When attempting to start Galaxy, the following error occurs:
libjemalloc.so.2: cannot allocate memory in static TLS block
This error leads to the failure of Galaxy’s job handler process and other components. This issue seems to be related to thread-local storage (TLS) allocation when using jemalloc for memory management.
Steps to Reproduce:
Set up a Galaxy instance with the default configuration.
Ensure that jemalloc is either explicitly loaded via LD_PRELOAD or is part of the system’s default memory allocator.
Start the Galaxy server.
Expected Behavior:
The Galaxy server should start without errors, and the job handler should function correctly.
Actual Behavior:
The server can start. When I created the new job, it would be waiting to run forever.
System Information:
Galaxy Version: 24.1
Operating System: Ubuntu 24.04.1 LTS
Python Version: 3.12
jemalloc Version: 5.3.0-2build1
Kernel Version: 6.8.0-48-generic
Output of ulimit -a:
real-time non-blocking time (microseconds, -R) unlimited
core file size (blocks, -c) 0
data seg size (kbytes, -d) unlimited
scheduling priority (-e) 0
file size (blocks, -f) unlimited
pending signals (-i) 1030836
max locked memory (kbytes, -l) unlimited
max memory size (kbytes, -m) unlimited
open files (-n) 1024
pipe size (512 bytes, -p) 8
POSIX message queues (bytes, -q) 819200
real-time priority (-r) 0
stack size (kbytes, -s) 8192
cpu time (seconds, -t) unlimited
max user processes (-u) 1030836
virtual memory (kbytes, -v) unlimited
file locks (-x) unlimited
Logs:
The relevant portion of the Galaxy log:
Traceback (most recent call last):
File "/mnt/md0/apps/galaxy/./lib/galaxy/main.py", line 266, in <module>
main()
File "/mnt/md0/apps/galaxy/./lib/galaxy/main.py", line 262, in main
func(args, log)
File "/mnt/md0/apps/galaxy/./lib/galaxy/main.py", line 119, in app_loop
galaxy_app = load_galaxy_app(
File "/mnt/md0/apps/galaxy/./lib/galaxy/main.py", line 95, in load_galaxy_app
app = UniverseApplication(global_conf=config_builder.global_conf(), attach_to_pools=attach_to_pools, **kwds)

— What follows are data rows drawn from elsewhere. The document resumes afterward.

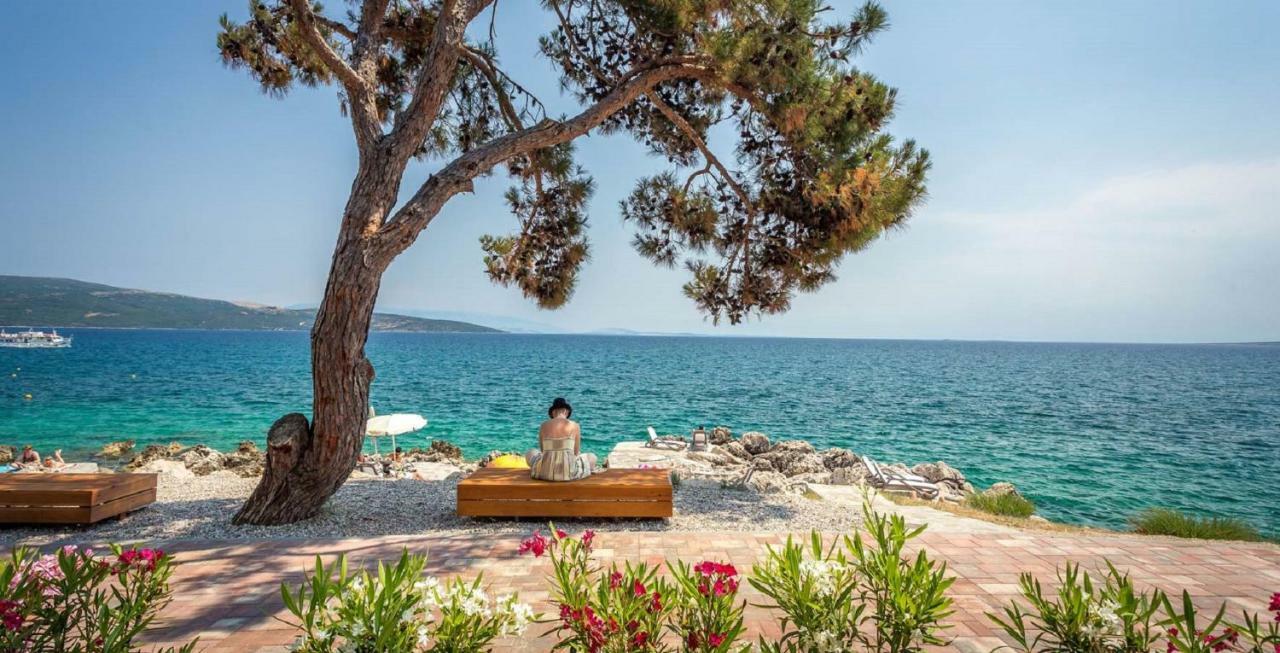 Deluxe New Apartments - Few Steps From The Beach - Luxury Holiday With Style - By Traveler Tourist Agency Krk Krk Town Luaran gambar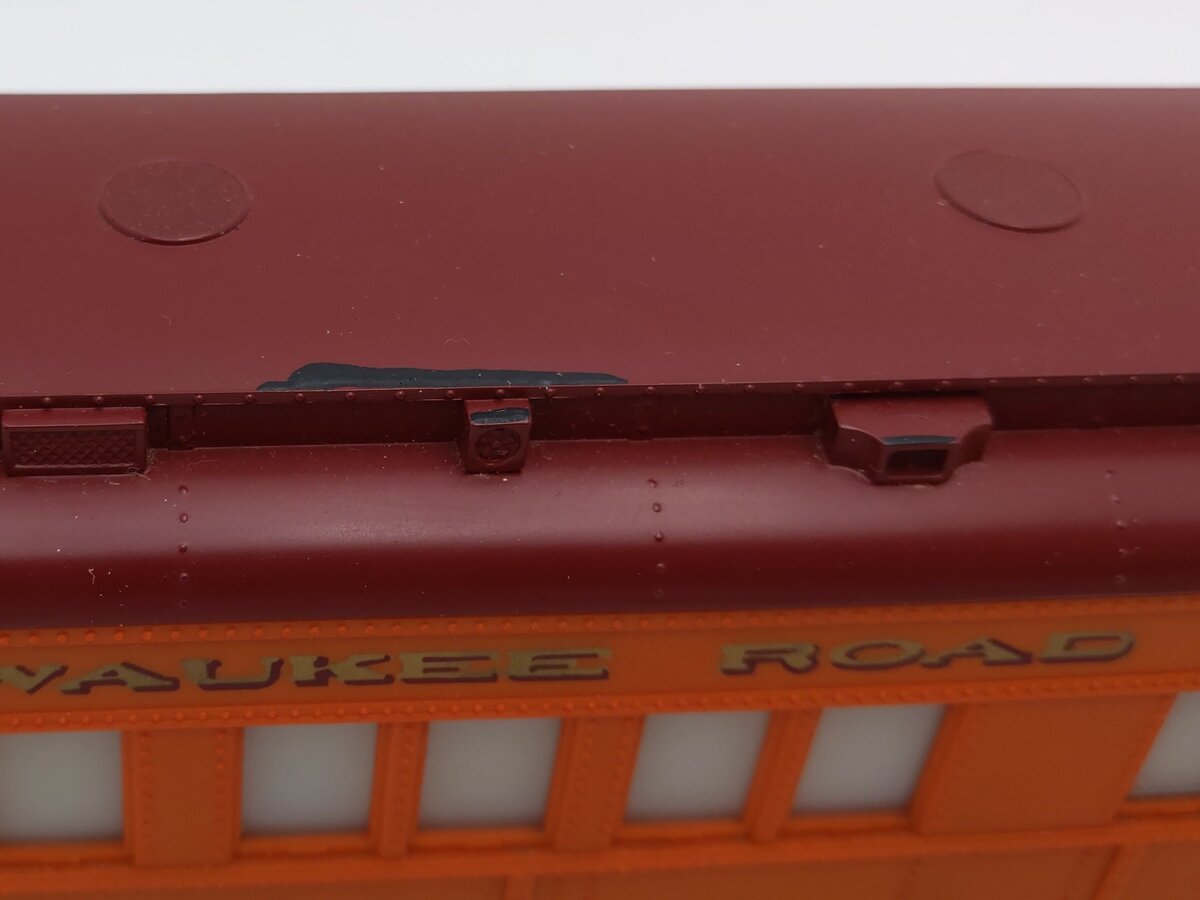 Lionel 6-9504 O Gauge Milwaukee Road 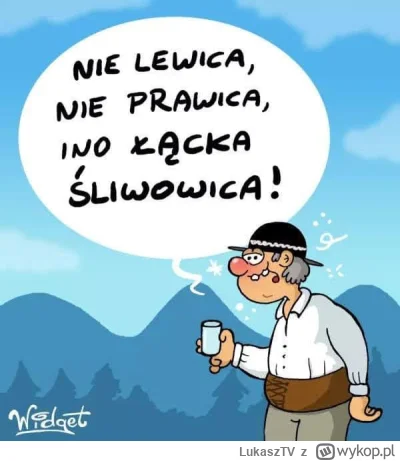 LukaszTV - #wybory #polityka #humorobrazkowy #lacko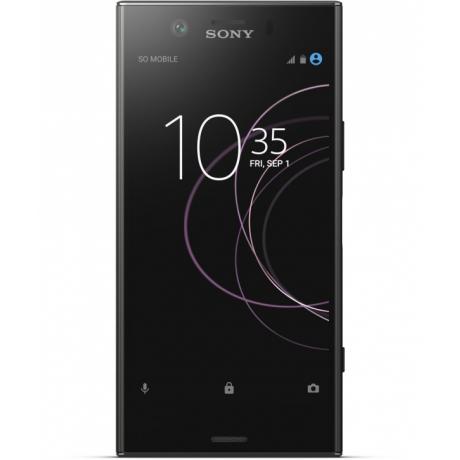Смартфон Sony Xperia XZ1 Compact G8441 Black - фото 2
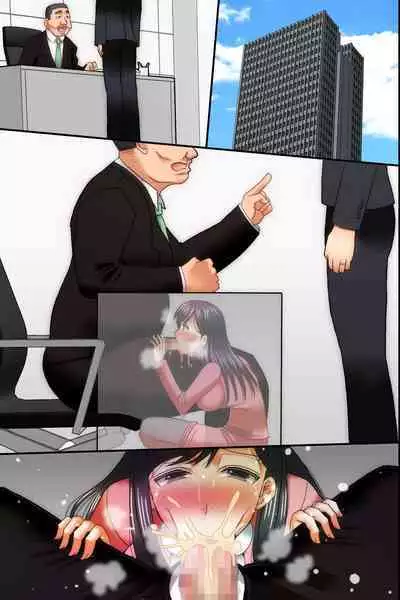 Ore ga Shiranai Uchi ni Tsuma ga Shachou no Musuko ni Haramasaserareteita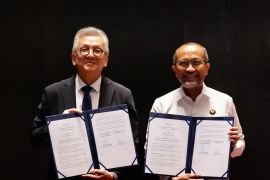 Kemenko Pangan perkuat kerja sama kelautan dukung ketahanan pangan RI
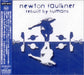 Newton Faulkner Rebuilt By Humans Japanese Promo CD album (CDLP) BVCP40103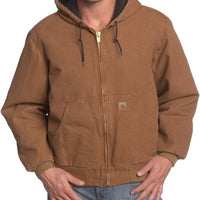 Carhartt J130 Men's Sandstone Active Jacket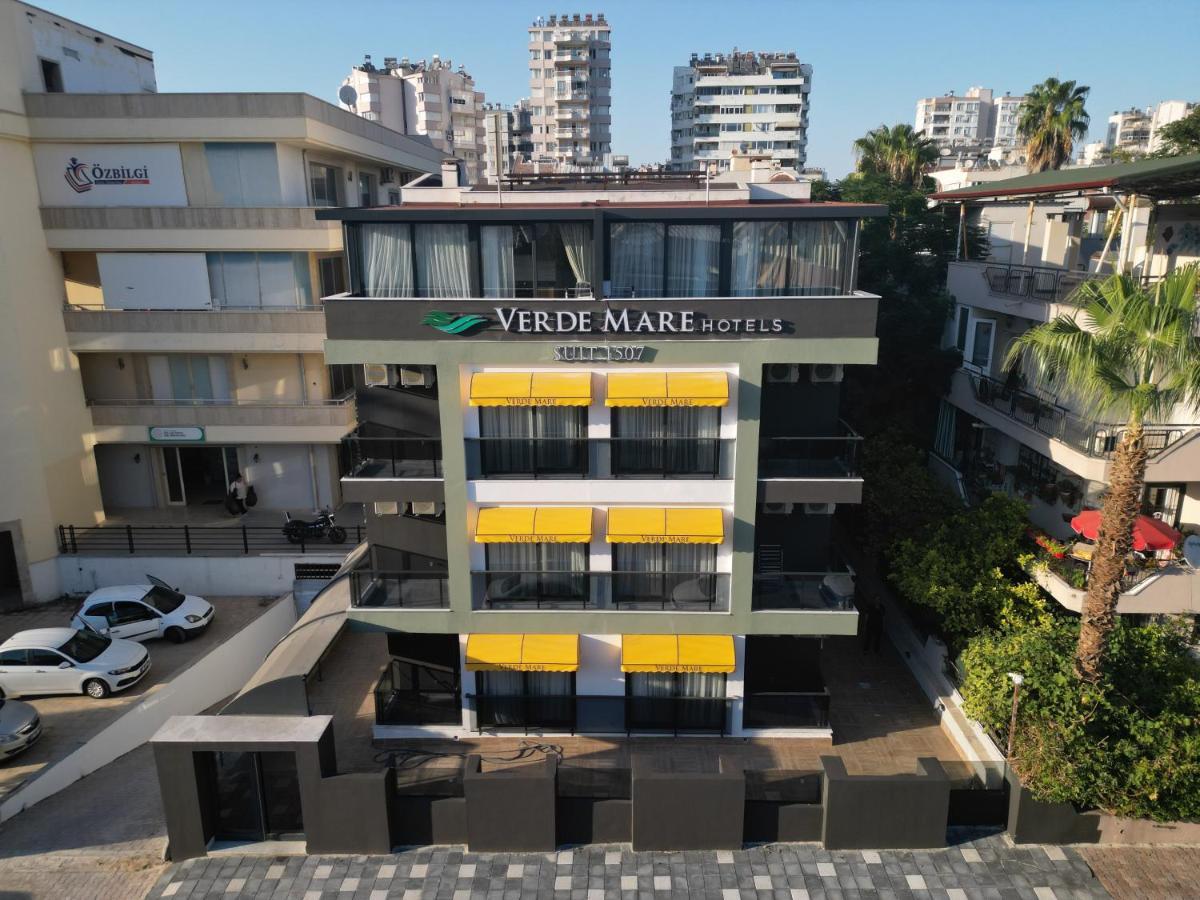 Verde Mare Hotels Antália Exterior foto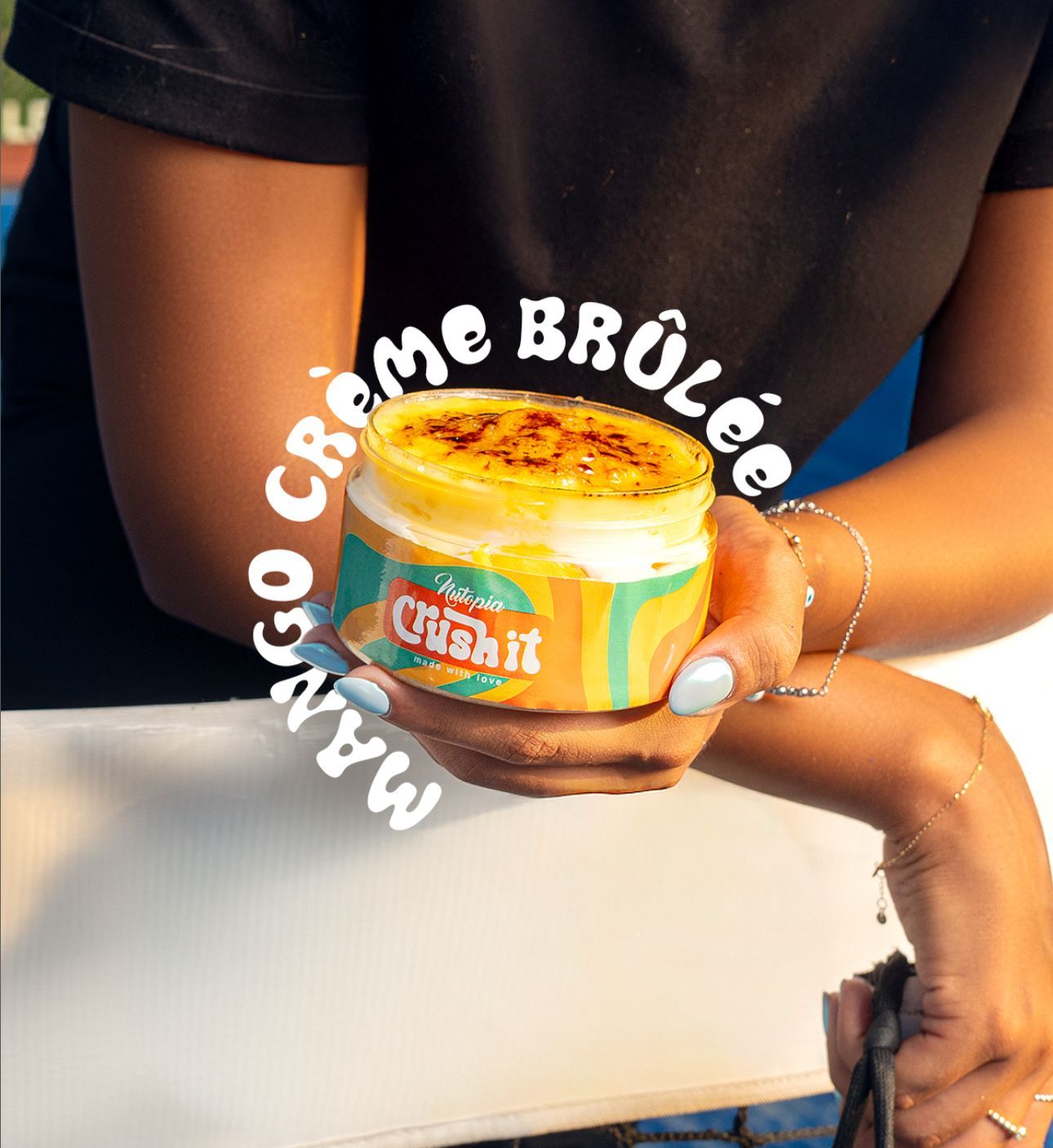 Creme Brulee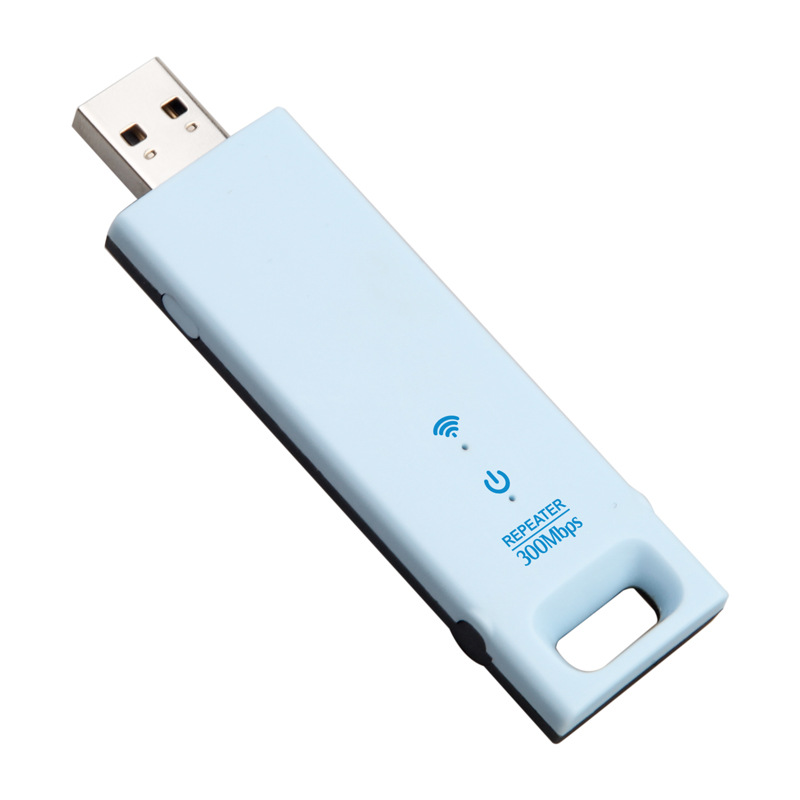 

USB 300Mbps Беспроводной повторитель WiFi Встроенный 2dbi Антенна Сеть Wifi Адаптер расширителя расширителя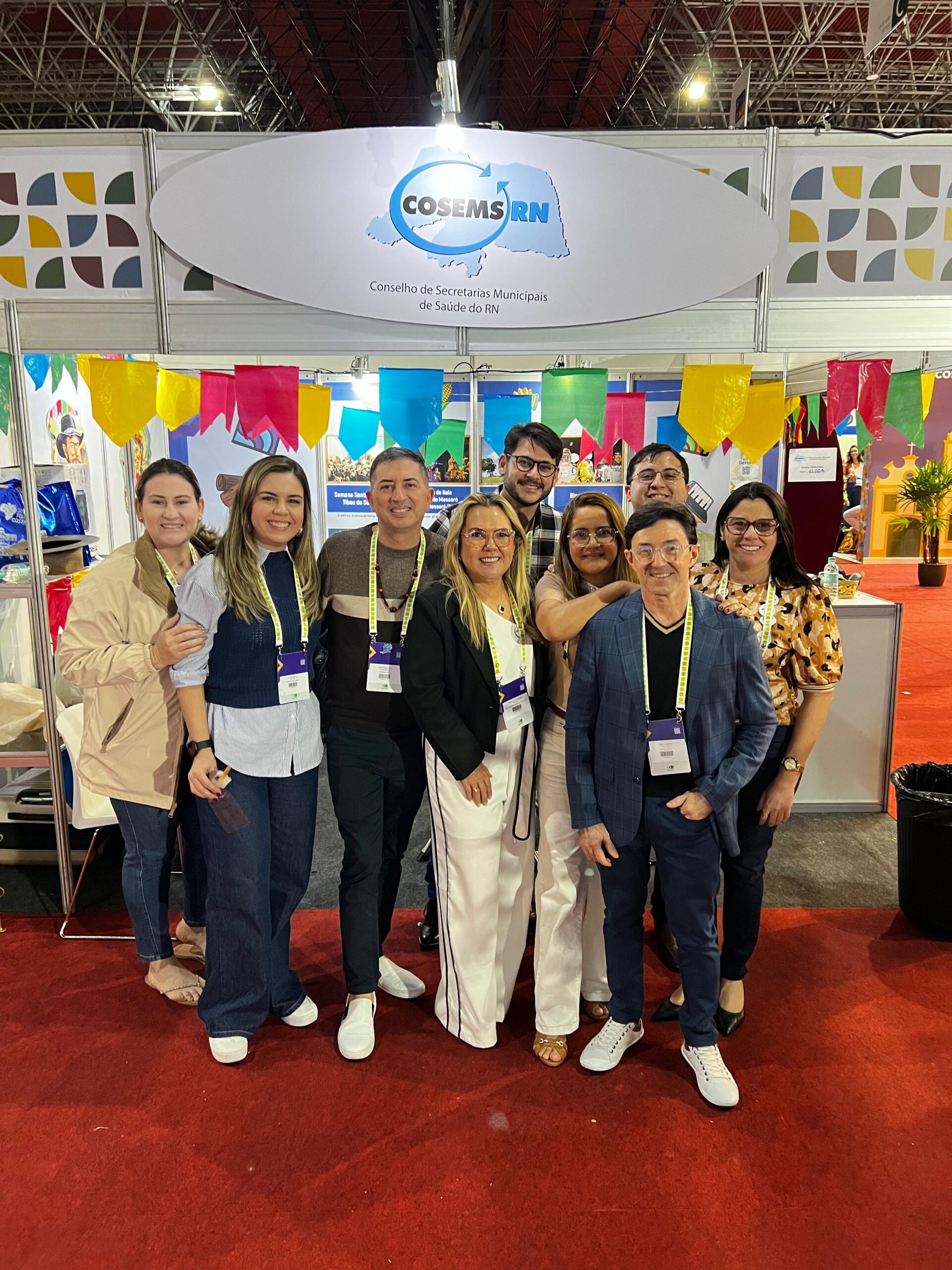 XXXVIII CONGRESSO CONASEMS: 4º DIA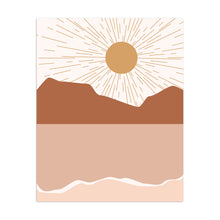 Sunrise blush Beach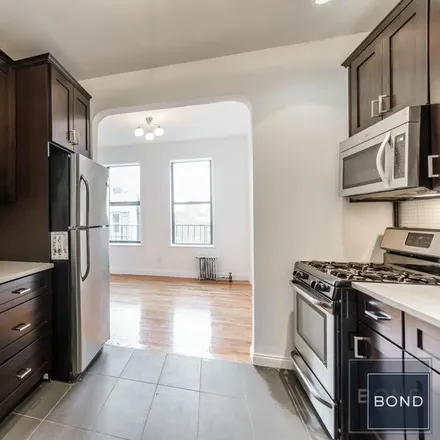 Rent this 1 bed apartment on 61 E 3 St in New York, NY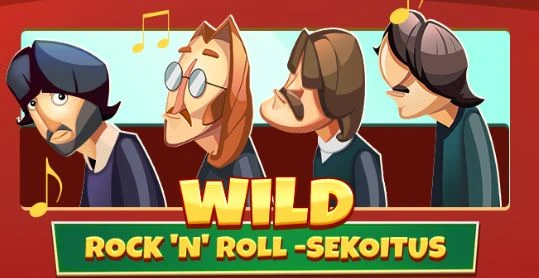 Spin town rock wild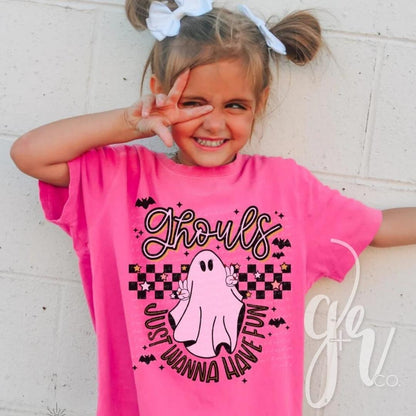 Ghouls Just Wanna Have Fun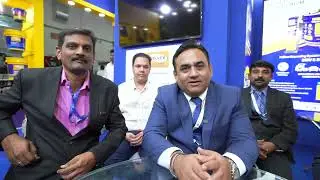 Velvex Lubricants at 6th Truck Trailer and Tyre Expo Coimbatore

File "/mnt/md0/apps/galaxy/lib/galaxy/app.py", line 826, in __init__
self.application_stack.register_postfork_function(self.job_manager.start)
File "/mnt/md0/apps/galaxy/lib/galaxy/web_stack/__init__.py", line 48, in register_postfork_function
f(*args, **kwargs)
File "/mnt/md0/apps/galaxy/lib/galaxy/jobs/manager.py", line 41, in start
self.job_handler = handler.JobHandler(self.app)
File "/mnt/md0/apps/galaxy/lib/galaxy/jobs/handler.py", line 94, in __init__
self.dispatcher = DefaultJobDispatcher(app)
File "/mnt/md0/apps/galaxy/lib/galaxy/jobs/handler.py", line 1191, in __init__
self.job_runners = self.app.job_config.get_job_runner_plugins(self.app.config.server_name)
File "/mnt/md0/apps/galaxy/lib/galaxy/jobs/__init__.py", line 898, in get_job_runner_plugins
rval[id] = runner_class(
File "/mnt/md0/apps/galaxy/lib/galaxy/jobs/runners/drmaa.py", line 70, in __init__
drmaa = __import__("drmaa")
File "/mnt/md0/apps/galaxy/.venv/lib/python3.12/site-packages/drmaa/__init__.py", line 65, in <module>
from .session import JobInfo, JobTemplate, Session
File "/mnt/md0/apps/galaxy/.venv/lib/python3.12/site-packages/drmaa/session.py", line 39, in <module>
from drmaa.helpers import (adapt_rusage, Attribute, attribute_names_iterator,
File "/mnt/md0/apps/galaxy/.venv/lib/python3.12/site-packages/drmaa/helpers.py", line 36, in <module>
from drmaa.wrappers import (drmaa_attr_names_t, drmaa_attr_values_t,
File "/mnt/md0/apps/galaxy/.venv/lib/python3.12/site-packages/drmaa/wrappers.py", line 56, in <module>
_lib = CDLL(libpath, mode=RTLD_GLOBAL)
File "/mnt/md0/apps/galaxy/.venv/lib/python3.12/site-packages/pylibmagic/__init__.py", line 92, in __magic_init__
self.__init_orig__(
File "/usr/lib/python3.12/ctypes/__init__.py", line 379, in __init__
self._handle = _dlopen(self._name, mode)
OSError: /lib/x86_64-linux-gnu/libjemalloc.so.2: cannot allocate memory in static TLS block
2024-11-12 14:16:40,990 WARN exited: sge_handler (exit status 1; not expected)
2024-11-12 14:16:41,442 INFO gave up: sge_handler entered FATAL state, too many start retries too quickly
2024-11-12 14:16:41,442 WARN exited: special_handler1 (exit status 1; not expected)
2024-11-12 14:16:41,554 INFO gave up: special_handler1 entered FATAL state, too many start retries too quickly
2024-11-12 14:16:41,555 WARN exited: handler1 (exit status 1; not expected)
2024-11-12 14:16:41,604 INFO gave up: handler1 entered FATAL state, too many start retries too quickly
2024-11-12 14:16:41,604 WARN exited: handler0 (exit status 1; not expected)
2024-11-12 14:16:41,741 INFO gave up: handler0 entered FATAL state, too many start retries too quickly
2024-11-12 14:16:41,741 WARN exited: special_handler0 (exit status 1; not expected)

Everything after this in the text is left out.